Friday, 29 August 2014

Silent Conversations


Being alone sometimes provides amazing opportunities and yields marvelous results. So I believe . 

This doesn't always amount to  loneliness,  and  this certainly cannot really  be labeled as something detestable; in fact, this is what some of us  might seek in the midst of the chaotic happenings that constitute our normal, everyday life.  

Now and then,  a poignant desire to  define myself in at least some way has surfaced,  wanting me to say in somewhat clear terms, what would be a pleasing experience for me if I had to spend a significant part of my time all by myself.  Will I be able to consider  it to be enjoyable ? Or would it feel like being  cornered into accepting these lonely spells ?     The answer is still not too clear, though I feel I have slowly grown to appreciate these spells and... do I love these?   I still cannot be too sure...
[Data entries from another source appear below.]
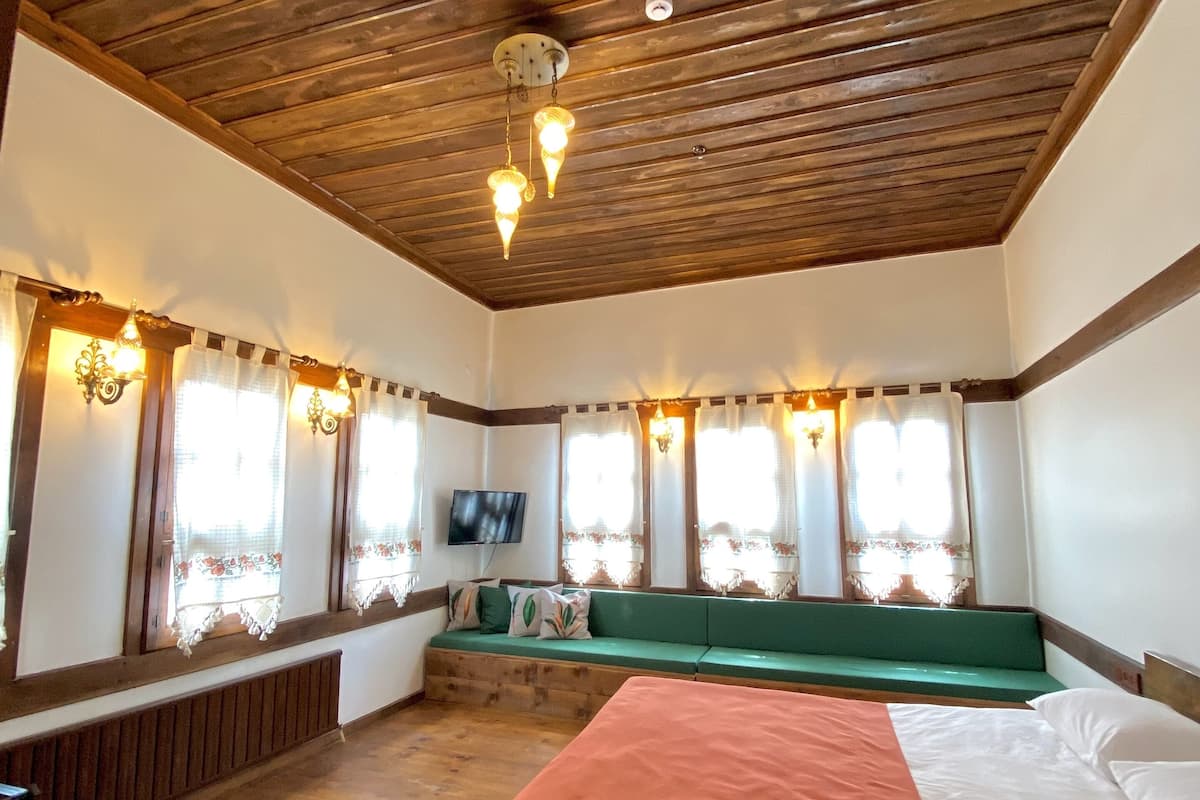 A room with a wooden ceiling, a bed with a red blanket, a green bench, and a television on the wall.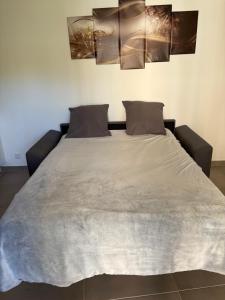 Appartements Appartement climatise avec jardin 4 personnes : photos des chambres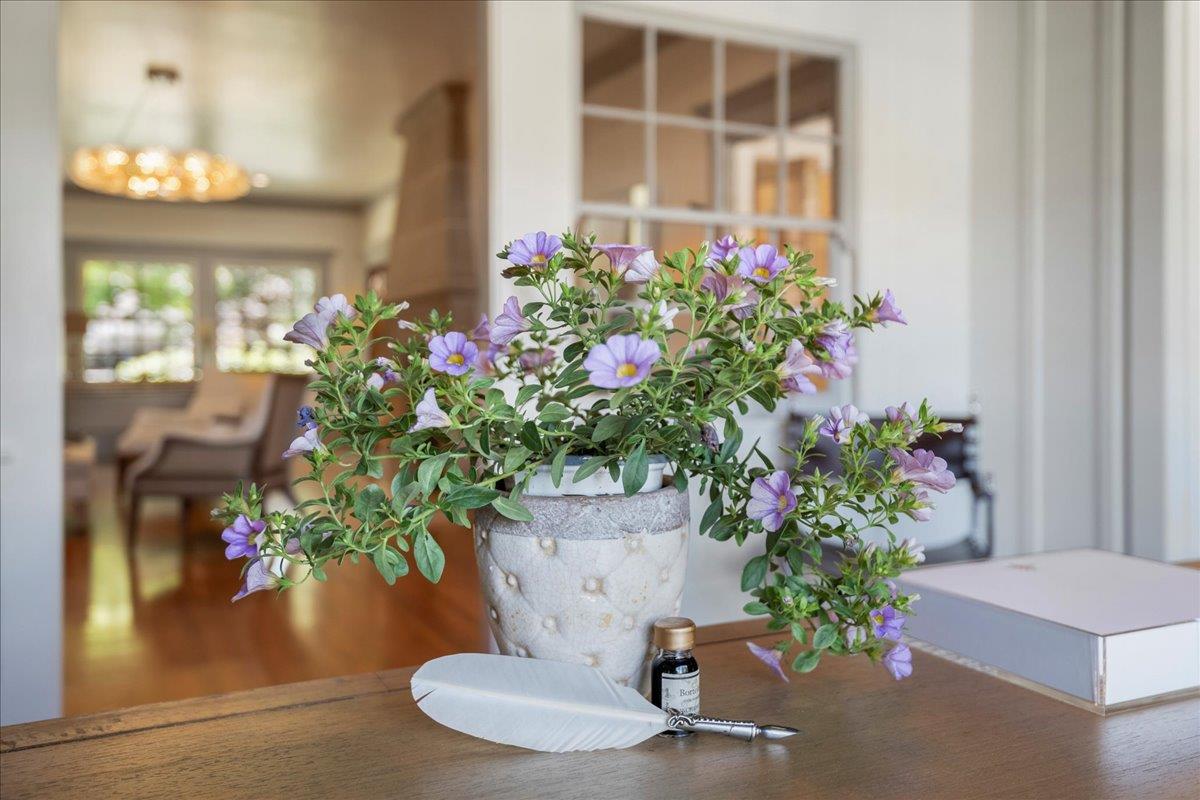 32 Maple Avenue Atherton, CA 94027 - Photo 13 of 52 a flower pot with a potted plant in front of it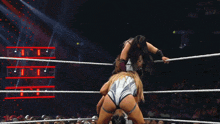a woman is wrestling in a ring with the word raw on the wall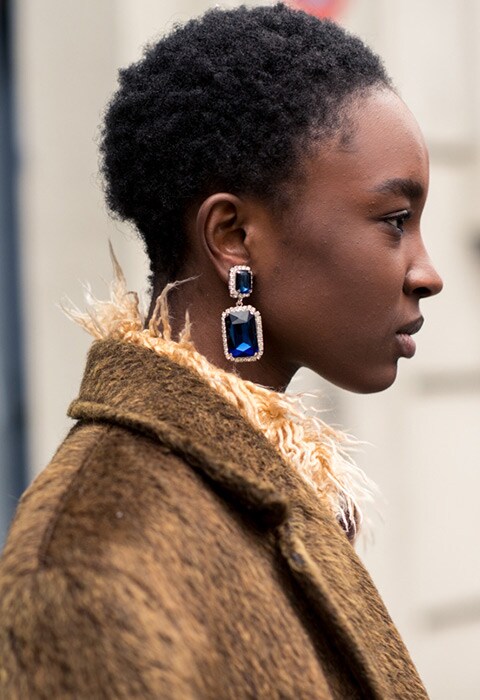 Model wearing diamante drop earrings at Milan Fashion Week AW18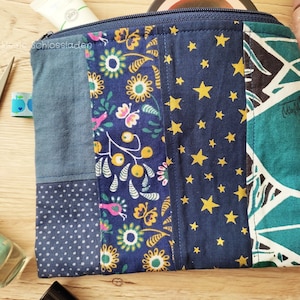 Könnte beinhalten: Eine blaue Patchwork-Kosmetiktasche mit Reißverschluss, mit einem Blumenmuster, einem Sternenmuster und einem grün-weißen Muster. Die Tasche ist aus Stoff und hat einen Reißverschluss.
More often than not, I  find  myself  moving  involuntarily, with a book in hand, towards a bench under a shady tree in a grassy lot, or a corner table in some cafeteria that would offer a vista to gaze upon , choosing to be with myself for a while,  and being a silent bystander.   There is so much pleasure in watching , feeling the melancholy of  the road that bends ahead and disappears behind the old, history laden houses, observing how the trees that line the arcade speak softly to the breeze, how a solitary passerby saunters on, how the sun paints the houses and how the deep shade drenches some of the tired walls.  

Life carrying on,  for everybody and  every creature.  Some stopping to pick up too many pebbles on their way, some completely unaware of any lying in their path.   Regardless,  people move on. Thoughts, thoughts and more thoughts! Watching, observing and reading !  Armed with a book and an eye for observation, all interminable periods of waiting in long queues, in doctors' chambers, in government  offices and many other such instances that form an integral part of our urban lives, become periods of respite and even pleasure!  

Reading a book is choosing to spend time with the author. With his magical ability with words, in addition to  being entertaining and amusing ,  he does inspire me ever so often,  to find courage to take that next step when I am down in the doldrums ,  his mind resonates with mine and brings on the elation that springs up on realizing that there is someone in this world who surprisingly thinks like me and is able to put down those thoughts on paper for me,  to read and discover the joy of finding a like-minded person. 

I feel I have found a  true friend!  It is a pity that most of these friends never meet and never hear each other's voices.  Yet there is a conversation that fills the mind and a joy that fills the heart.  In such times, do I really need to talk? Perhaps yes, to  share  this happiness with another similarly-smitten soul ! 

At the end of the day, we humans do need people to share our innermost joys with, don't we, now!